| Task description |
Each record is to be printed exactly as given, down to the last mark.

(Collection entries)

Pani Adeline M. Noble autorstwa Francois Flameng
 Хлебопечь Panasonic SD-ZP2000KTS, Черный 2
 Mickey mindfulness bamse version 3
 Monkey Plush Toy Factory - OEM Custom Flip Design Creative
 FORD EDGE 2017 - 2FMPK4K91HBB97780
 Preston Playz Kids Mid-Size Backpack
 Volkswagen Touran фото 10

| Result for this task |
Pani Adeline M. Noble autorstwa Francois Flameng
 Хлебопечь Panasonic SD-ZP2000KTS, Черный 2
 Mickey mindfulness bamse version 3
 Monkey Plush Toy Factory - OEM Custom Flip Design Creative
 FORD EDGE 2017 - 2FMPK4K91HBB97780
 Preston Playz Kids Mid-Size Backpack
 Volkswagen Touran фото 10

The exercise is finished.